Es el milagro de los genios de la palabra. Tal vez alguno de ellos lo realizó sin saberlo, sin haberlo deseado siquiera. Día llegará en que sea la suprema aspiración del poeta. En cuanto a mí, mero aprendiz, no creo haber pasado de folklorista, aprendiz a mi modo, del saber popular. 

Mi respuesta era la de un español consciente de su hispanidad, que sabe, que necesita saber como en España casi todo lo grande es obra del pueblo o para el pueblo, como en España lo esencialmente aristocrático en cierto modo es lo popular. En los primeros meses de la guerra que hoy ensangrienta a España, cuando la contienda no había aún perdido su aspecto de mera guerra civil, yo escribí estas palabras que pretendían justificar mi fe democrática, mi creencia en la superioridad del pueblo sobre las clases privilegiadas.

Después de puesta su vida tantas
veces por su ley al tablero...

¿Por qué recuerdo yo esta frase de don  Jorge Manrique, siempre que veo, hojeando diarios y revistas, los retratos de nuestros milicianos? Tal ves será, porque estos hombres, no precisamente soldados, sino pueblo en armas, tienen en sus rostros el grave ceño y la expresión concentrada o absorta en lo invisible, de quienes, como dice el poeta, “ponen al tablero su vida por su ley», se juegan esa moneda única, si se pierde no hay otra, por una causa hondamente sentida. La verdad es que todos estos milicianos parecen capitanes, tanto es el noble señorío de sus rostros. Cuando una gran ciudad, como Madrid en estos días,  vive una experiencia trágica, cambia totalmente de fisonomía y en ella advertimos un extraño fenómeno compensador de muchas amarguras: la súbita desaparición del señorito. Y no es que el señorito, como algunos piensan, huya o se esconda, sino que desaparece literalmente se borra, lo borra la tragedia humana, lo borra el hombre.

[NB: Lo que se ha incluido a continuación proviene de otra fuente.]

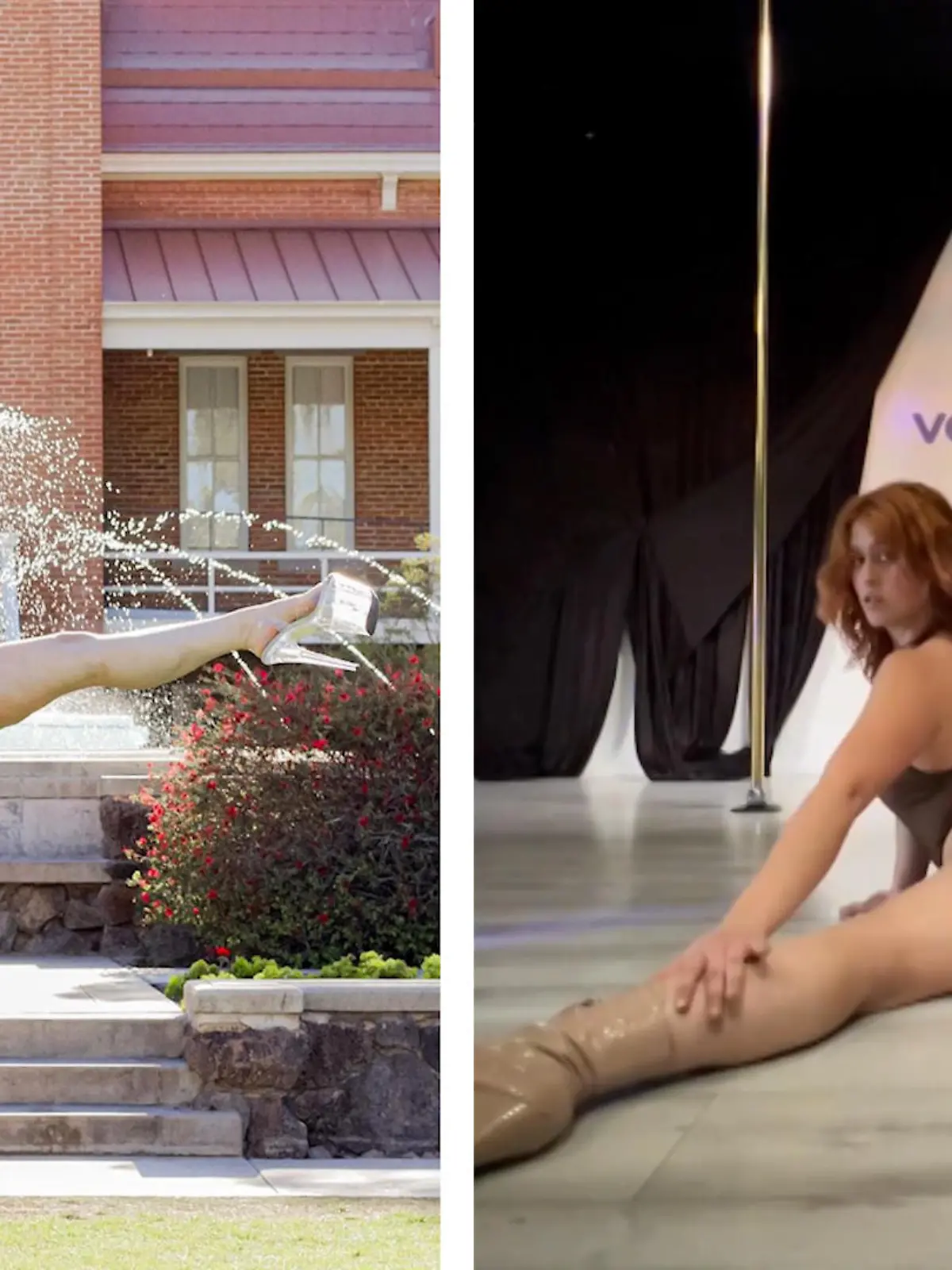 Rachel Davenport hat ein besonderes Hobby: Sie liebt es, sich grazil an der Poledancestange zu bewegen. Nicht zuletzt deswegen hat sie ihren Bachelor-Abschluss auch mit einer sexy Tanzeinlage vor ihrer Highschool gefeiert. Leider gefällt das nicht jedem.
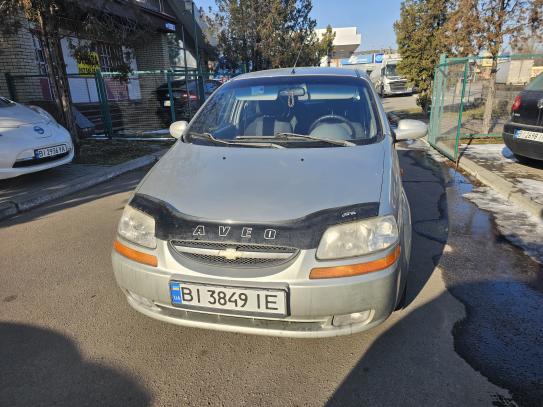 Chevrolet Aveo                            2005г. в рассрочку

La verdad es que, como decía Juan de Mairena, “no hay señoritos, sino más bien señoritismo” , una forma, entre varias, de hombría degradaba, un estilo peculiar de no ser hombre, que puede observarse a veces en individuos de diversas clases sociales, y que nada tiene que ver con los cuellos planchados, las corbatas o el lustre de las botas.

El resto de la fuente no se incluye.